I may have mentioned before that I'm not fond of my governor. This total dipshit, who earned his nickname "The Blade" as Bush's first budget director in 2001 when he spearheaded the massive tax cut plan, is now solving all the resulting budget problems in Indiana by regularly raising taxes on Hoosiers. In 2004, the average per capita income for Hoosiers was $30,094—$2,843 less than the national average. We have fewer people who benefit from the federal tax-based welfare for the rich designed by Governor Asshole than many other states, but we're broke as shit, and so now he's raising our taxes—again. This time it's just on cigarettes, which, even though I'm a smoker, I can hardly argue with. If you've got to raise taxes, a statewide vice tax makes more sense than raising property taxes, except they've already done that in large parts of the state. As I've mentioned before, ours nearly doubled last year. Of course, Daniels won't say whether the additional revenue will be used to reduce property taxes—of such grave concern that both parties are making it a priority.

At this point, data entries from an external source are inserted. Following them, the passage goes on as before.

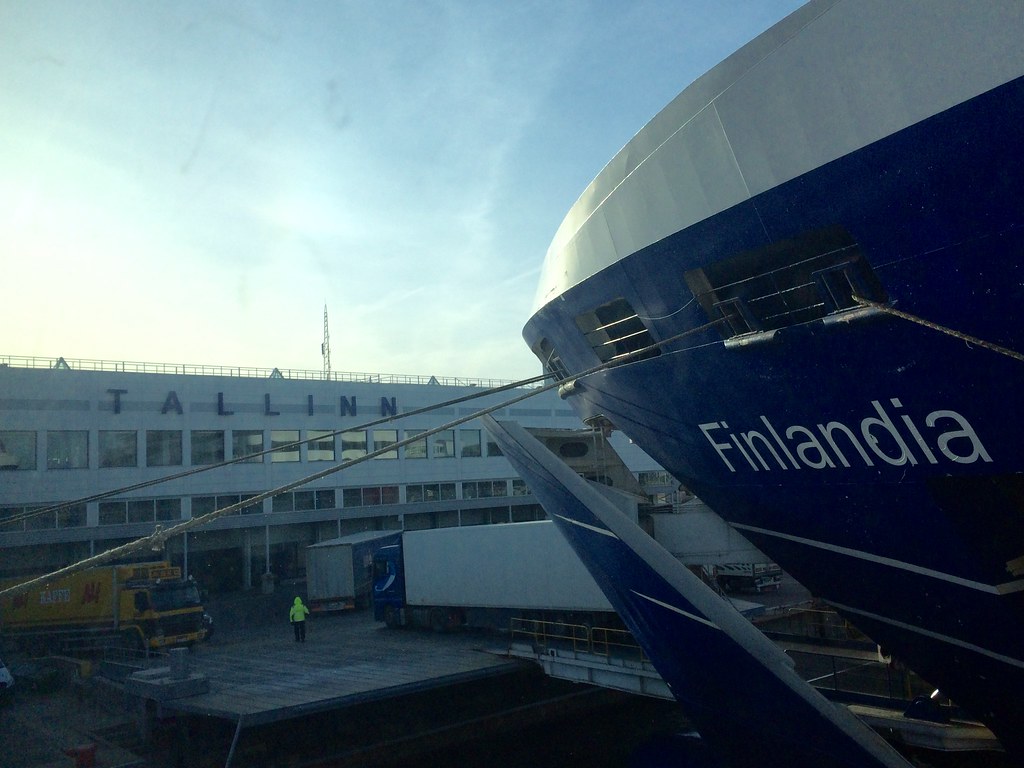 : MS Finlandia Eckero Line at Tallinn Ferry Terminal, Estonia (April 2, 2014)
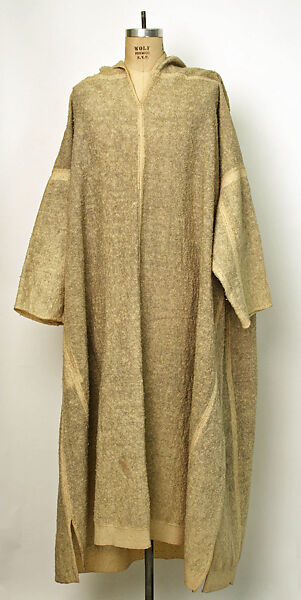 Djellaba, Wool, silk 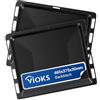 VIOKS Set di 2 teglie da forno profonde, 465 x 375 cm, ricambio per teglia Bosch Siеmens Constructa Neff 00662999 - Backblеch Bosch - Forno smaltato/Oven Tray - Teglia da forno per forno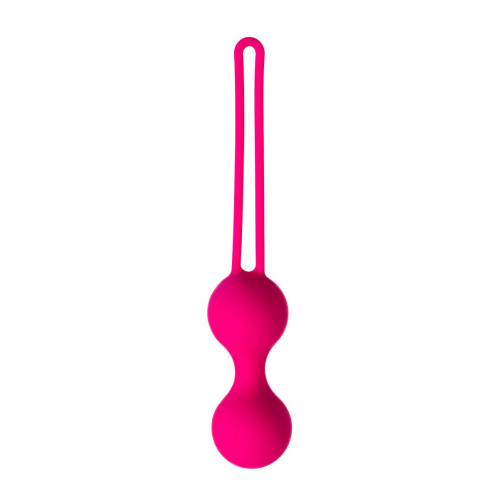 Набор вагинальных шариков различной формы и размера (розовый)
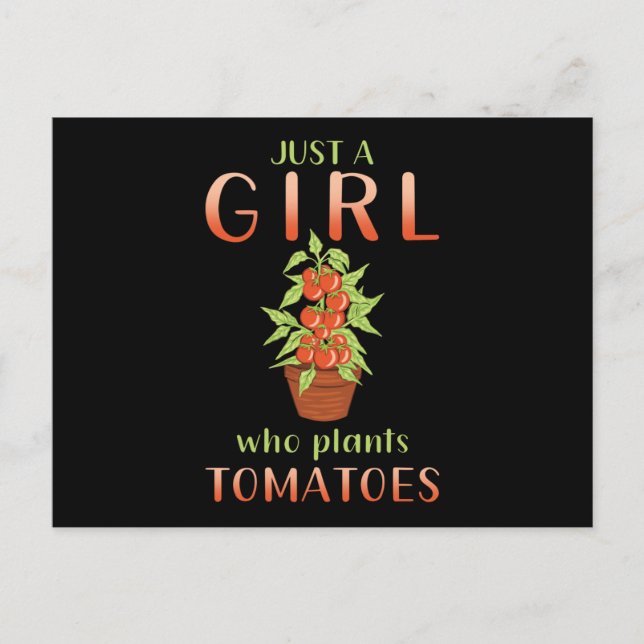 Gardener Gardener Tomato Pflanze Sprichwort Gesche Postkarte (Vorderseite)
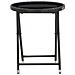Set Da Bistrot Per Giardino 3 Pz In Polyrattan E Vetro Nero - Foto miniatura 3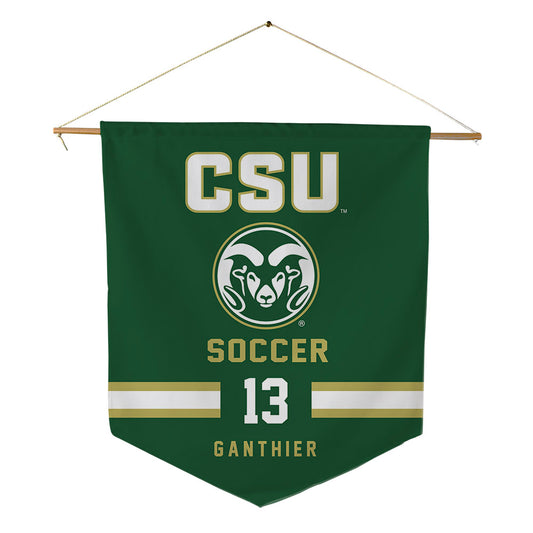 Colorado State - NCAA Women's Soccer : Noa Olivia Ganthier - Pennant - 18" x 21"-0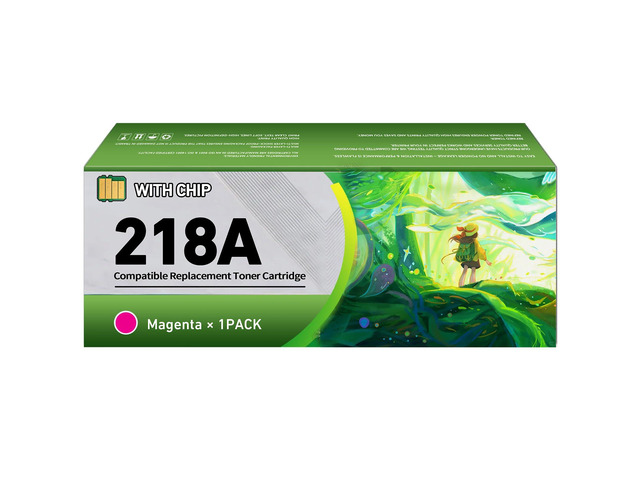 Replacement 218A Magenta Toner Cartridges with Chip for HP 218A W2183A Ink Cartridge, for HP 218X Works for HP Color LaserJet Pro MFP 3301fdw...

Among Daniels' other brilliant ideas:
Deregulating Telecommunications. I won't go into the whole history of telephone monopolies and the resulting sorry state of affairs in Indiana (because it's the same as everywhere else and because it's boring, but suffice it to say, I don't even have a landline anymore), but now Daniels is seriously suggesting that telephone companies be removed from state oversight, which will likely only make the problem worse.

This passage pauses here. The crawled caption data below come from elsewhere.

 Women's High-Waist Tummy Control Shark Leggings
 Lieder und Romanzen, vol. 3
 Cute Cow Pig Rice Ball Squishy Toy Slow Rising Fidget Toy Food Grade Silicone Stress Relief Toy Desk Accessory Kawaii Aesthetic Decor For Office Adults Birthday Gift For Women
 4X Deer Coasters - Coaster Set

Government Consolidation. Daniels has endorsed rerouting the responsibility for property tax assessments from local townships to county assessors. Aside from this not remotely solving the problem of Hoosiers who are already experiencing extraordinary property tax increases (some people in the county over from ours experienced 1000%—no, that's not a typo—property tax increases), this also means that 178 elected township assessors would lose their jobs and 830 township trustees who also do assessments would lose those responsibilities, meaning that in townships where trustees primarily do assessments, they’d lose their jobs, too.

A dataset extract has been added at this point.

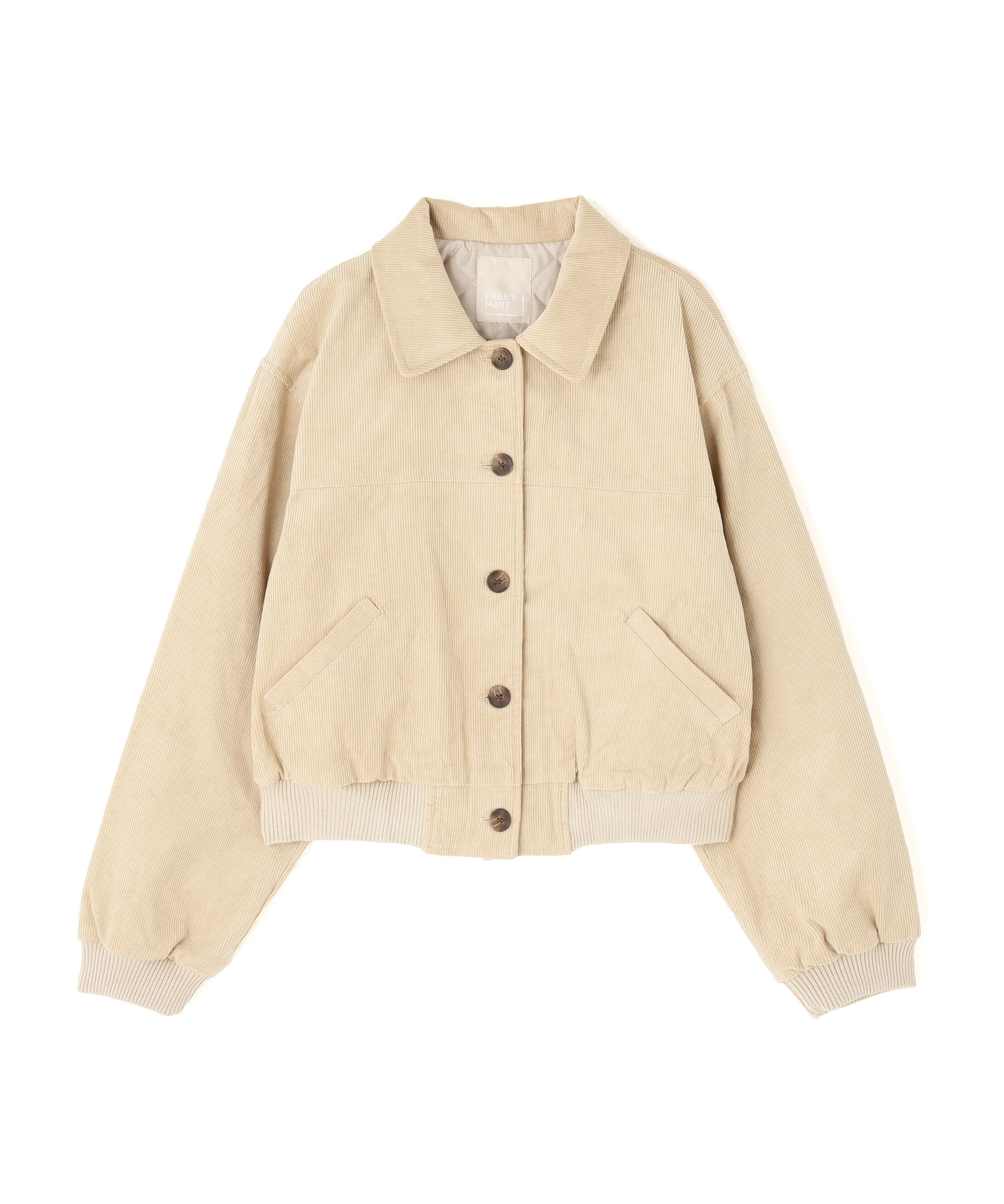  「コーデュロイ中綿ブルゾン」|ブルゾン・スタジャン|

Transportation Privatization. This is my personal favorite. We'll raise revenue by selling off some Indiana highways to private firms. Now let's do a little logical extrapolation here. If Indiana State is making $100 an hour on its toll roads after deducting maintenance and other costs, to increase revenue, they'd have to lease it for more money. So let's say they lease it to ScrewU Inc., a subsidiary of Halliburton, for $150 an hour. Now ScrewU Inc. has to charge enough to make back the $150 an hour they're paying to lease the road, plus enough on top of that to pay for maintenance and other costs. My 50-cent toll in Hammond just doubled, at least. The best part about this is that it will primarily affect Northern Indiana, but revenues will be used to pay for "the long-awaited extension of I-69 from Indianapolis to Evansville" in Southern Indiana. Daniels says that the plan will "trigger tremendous job growth using in large part a very handy tool: Other people's money." Ho ho ho. You see, Daniels claims that "the increased tolls on the road would be mostly paid for by out-of-state motorists," but apparently he's never been on the Indiana Toll Road. It's mostly used by people who drive to and from Chicago every day for work—people who are already paying state income tax in both Indiana and Illinois, because Illinois got sick of providing jobs to Hoosiers with no payback. Once the mills collapsed, Illinoisans were left with little reason to travel to Indiana for work, so it became a one-way street. And that one-way street is the Indiana Toll Road.
So now the price of working in Chicago, which is really one's best option, unless—as it was put by the host of the Indiana unemployment seminar I just attended—you're a nurse or a truck driver, is being taxed by two states on your income and—coming soon!—outrageous tolls. Or you can, like Mr. Shakes, take the slow-ass train, which makes for three hours of commuting a day and costs almost two hundred dollars a month.
People here are stuck. Stuck without decent jobs, stuck in homes they can't sell because of regionally-inappropriate property taxes, stuck with a shithead of a governor who only makes things worse. Welcome to the failure of conservative governance.